Normal-developed zebrafish embryos at 6hpf were selected under a microscope and fed in a 24‐well plate, with six eggs per well.⁴³ The exposure concentrations of celastrol were 0.1, 0.2, 0.5, 1, and 2 μM. The exposure concentrations of compound 2 were 0.1, 0.15, 0.2, 0.3, and 0.5 μM. 0.5% DMSO was used as the blank control. Exposure continued for three days. The incubation rate and mortality were observed and recorded every 24 h. The hatching is recorded by the shell without the egg’s membrane. Mortality is recorded by the cardiac arrest of the embryo and larva. Incubation rate = (number of hatching embryos/number of the total embryo) × 100%; Mortality rate = (number of dead embryos/number of total larva) × 100%.

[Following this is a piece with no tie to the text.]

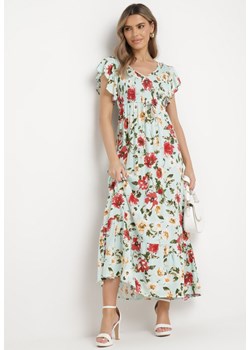 Jasnozielona Rozkloszowana Sukienka Maxi z Wiskozy w Kwiatowy Print Unadis ze sklepu Born2be Odzież w kategorii Sukienki - zdjęcie 169603179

Adult fish acute toxicity test

Normal-developed larvae at 3 dpf were selected under a microscope and fed in a 24‐well plate, with six eggs per well. The exposure concentrations of celastrol and compound 2 were 0.1, 0.2, 0.3, 0.4, and 0.5 μM. The mortality rate was recorded at 24 h and 72 h.

Disclosure statement

The authors report no conflicts of interest.

Additional information

Funding

This work was supported by the Foundation of JiangXi Educational Committee, China (No. GJJ211011), National Natural Science Foundation of Jiangxi, China (No. 20224ACB206044), and the National Undergraduate Training Programs for Innovation and Entrepreneurship, China (202210419021).